Hi guys, Need to build dad a pc which will just be used for internet browsing. Was considering a mini pc but he doesn’t really need the space saving and I feel a bigger bang for buck could be achieved elsewhere. Considering either a prebuilt or opening his current one (hard disk is kaput), and just replacing the components. Budget is cheap as possible. I know there are some dirt cheap pcs on eBay but not convinced about the components they’d use.
How much don't you want to spend? Do you need a GPU? What are you using it for that may be more demanding than browsing?
I have a gigabyte brix mini pc - quad core celeron, 8gb ram and a 256gb ssd, already has a win 10 licence.
No more than £300 and no gpu needed. Most demanding thing I can think of it being used for is streaming a video online. My dads use is very limited.
Sounds like fixing his PC with an SSD or some such might just be the easiet thing if he has modest requirements or a tablet/cheap laptop, I bought a PC stick for media that has an atom, completely pants for anything but media and browsing, £87 from Amazon. Any of those cheap PCs that you've seen on ebay etc are likely to be fine.
I'd agree with @David, I run a couple of older Intel NUCs which are very similar to the Gigabyte Brix. They're tiny, and work surprisingly well; essentially laptop in a different configuration.
Many thanks for the replies, I’m going to try and replace the hard drive and see if that does the trick. Failing that, will probably opt for the mini pc. Here’s the noise the drive makes on startup: https://youtube.com/shorts/iyoeKzHnnmI?feature=share with a “no boot disk has been detected or the disk has failed error” on startup, plus in bios, the hard disk is said to be 0GB. Seems like HD failure to me, good luck me trying to recover any data from this -.-
Thought I’d post a conclusion to this. Replaced the hard drive, reinstalled windows and works fine. Will see how the performance fairs and if an upgrade is needed, I know to go down the mini pc route. Thanks everyone!
To be honest, if all you're looking for is browsing, maybe look at a Raspberry Pi 4. Cheap, low-power, small, silent.
I'm not sure about Pi or Chromebox as an option, DRM media content tends to be a problem with these, I'd stick with a windows machine.
Nah, it's literally a single command to get Widevine running: Code: sudo apt install libwidevinecdm0 That's it. That's all it takes. Disney+, Netflix, Amazon Prime Instant Video, iPlayer, you name it, works fine. EDIT: That's for the Raspberry Pi.

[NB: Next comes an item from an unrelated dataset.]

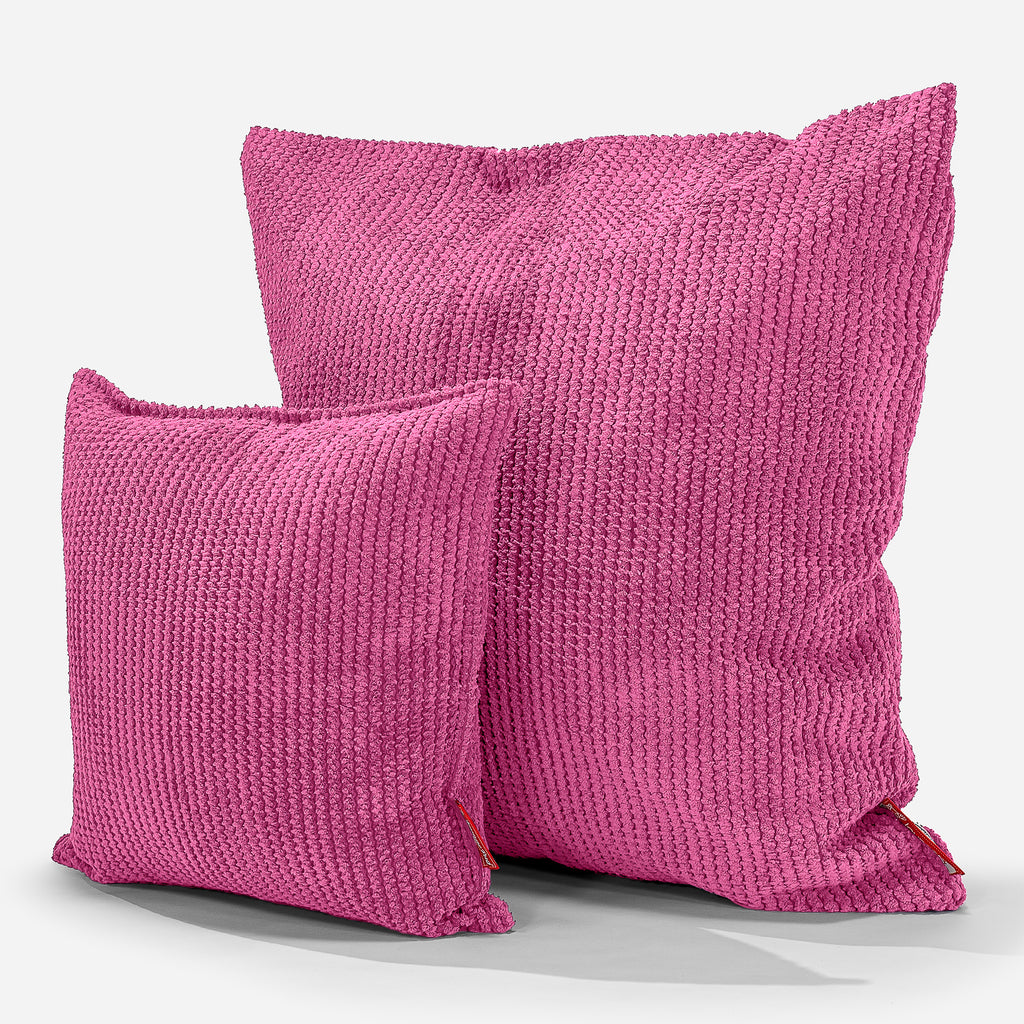 Extra Large Scatter Cushion 70 x 70cm - Pom Pom Pink 02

A Chrome OS system should be ready to run out-the-box - I know my cheapo Chromebook works fine for all of the above, no messing.
I know there were problems with Sky GO and even some youtube content but that may have changed in the last year, certainly for chromebook anyway, that wouldn't run Sky, I never tried on the Pi as it seemed to struggle with dropping frames on youtube content.
Haven't had Sky for years, but apparently it does work if you enable Developer Mode. No, I've no idea why you'd need to do that either - everything else seems to work fine! Was that on a Pi 4, and if so how soon after launch? I only ask 'cos Chrome didn't have hardware acceleration enabled until a while post-launch - everything should be fine now, as far as I'm aware.
Yup it was quite soon, I was evaluating it to provide for kids without computers, stuck with little windows units in the end, for compatibility reasons for stuff like teams etc, pretty much just as cheap and worked, of course the main reason was that it was also easier to support as all school docs for VPN/RDP etc assume windows. Found similar for my own use case, thought the PI would be good for me and would work nicely on my portable screen which it did in term of supporting touch etc, but getting everything working well was a chore and no better than just working on my phone, though it also has DRM issue of another kind, god damn content locks.....Sky is a pain in the arse.
Both my htpc and a network appliance are Lenovo m93s from ebay. £100 and up depending on configuration. I bought two of the cheapest and upgraded them myself. Excellent machines.